Mary: And it's a wonderful purpose to have. And you can start one and then you can continue to accumulate knowledge and move over to another one. So you can really theoretically do both. Couples are great, families are great. They are tougher because you're dealing with more than one person, but they are more rewarding because of that. So the successes are more thrilling because it's like, yeah, a whole group of people doing great and cheering everything on and making progress, but it is harder because it's a whole group, you know what I mean? Me: Yeah. Yeah. Okay. So I guess that was all.

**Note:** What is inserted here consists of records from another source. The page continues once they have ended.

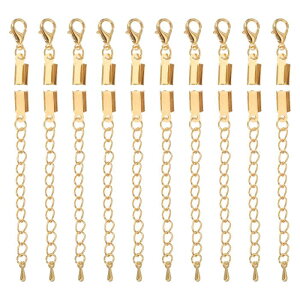 10Zbg̐܂ԂR[hGhA4mm̒[qNvLbvN Xv`bvAU[DIYNtgp̃lbNXuXbgp̃uX^[N[t@Xi[Ɖ`F[ACg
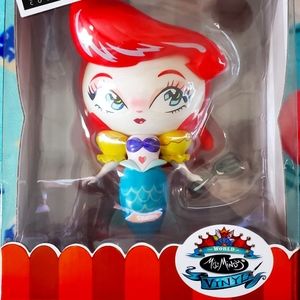 Disney Miss Mindy Figure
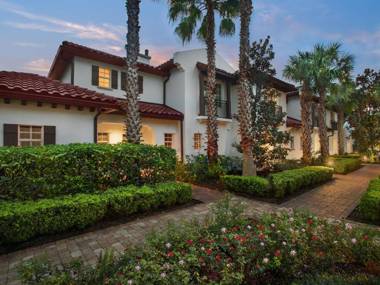 Marriott Lakeshore Reserve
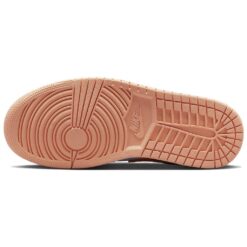 (WMNS) Air Jordan 1 Low 'Sunset Haze' DC0774-801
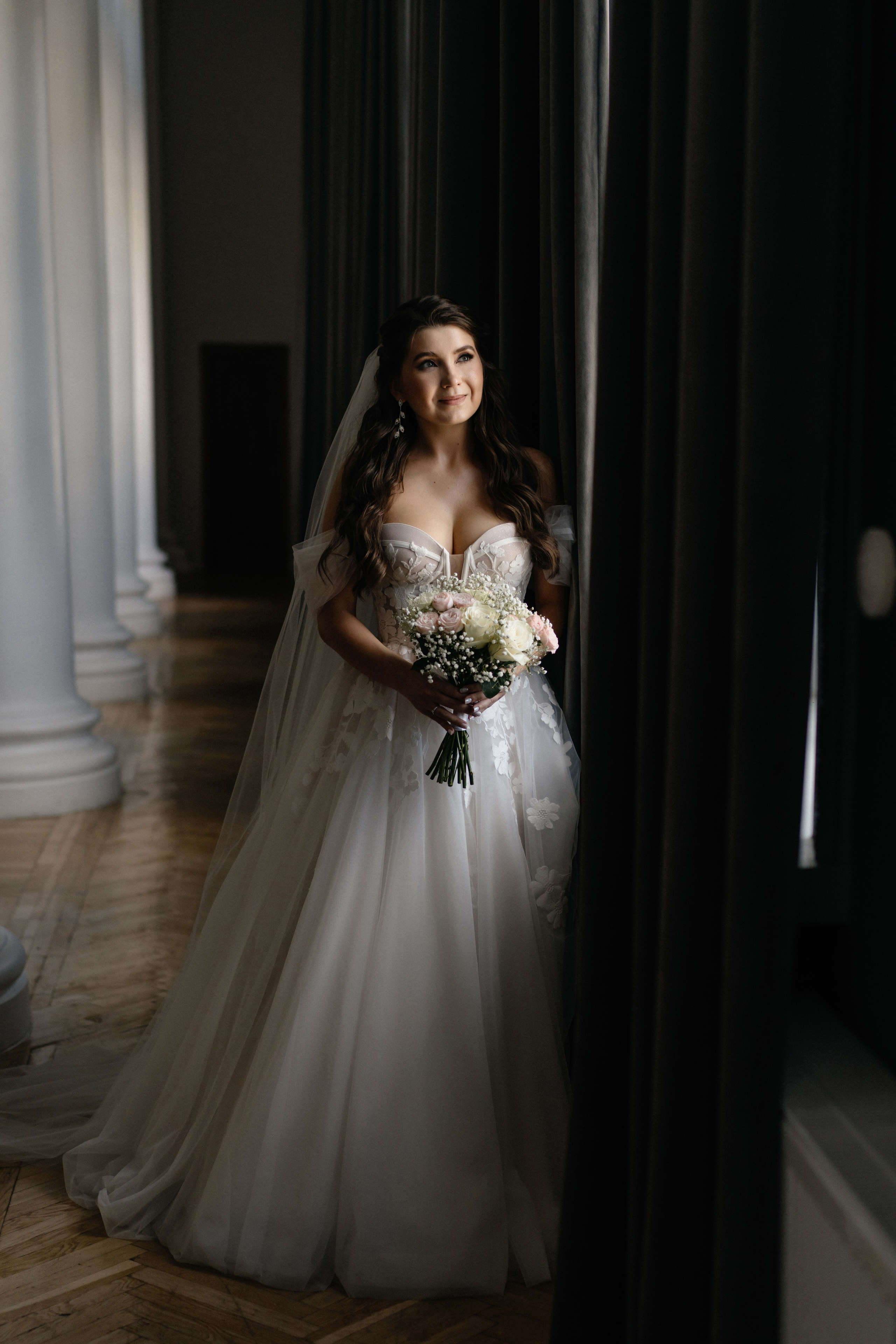 Надежда & Максим. Свадебная фото и видеосъемка в Гомеле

Mary: I think you'd be a great therapist. I think you have a wonderful conscientiousness about you.

Me: It makes me nervous because I feel like I'm still in therapy myself and I'm still like a work in progress. So sometimes I feel what makes me qualified. Because even though I know I've been on this journey, I for some reason, just still feel like I still have such a long way to go until I see myself as the person that I want to be. Or like, not saying I've healed or I'm going to arrive to a place because I don't know if I'll ever feel like I've arrived. But I just feel like I'm a long way from there. So it makes me feel intimidated because I'm like, I don't know, how can I help other people when I still need help?

Mary: Yeah, I think you're exactly where you need to be. Because everything that you just said, that inadequacy feeling, that's what you're feeling, that humility, and that even what you just said. This is a journey that may never and that is a very true statement, like, in my experience also, which can be great, because that means the mystery gets to continue. That means you get to continue to use your curiosity and grow. Like, how boring would it be if you ever truly arrived?

Me: Yeah, true. That's true. Well, thank you so much for that.

Mary: Yes, thank you for picking me. Let me know if you have any other questions. I'd be happy to answer them. And good luck. I'm happy to be here for you.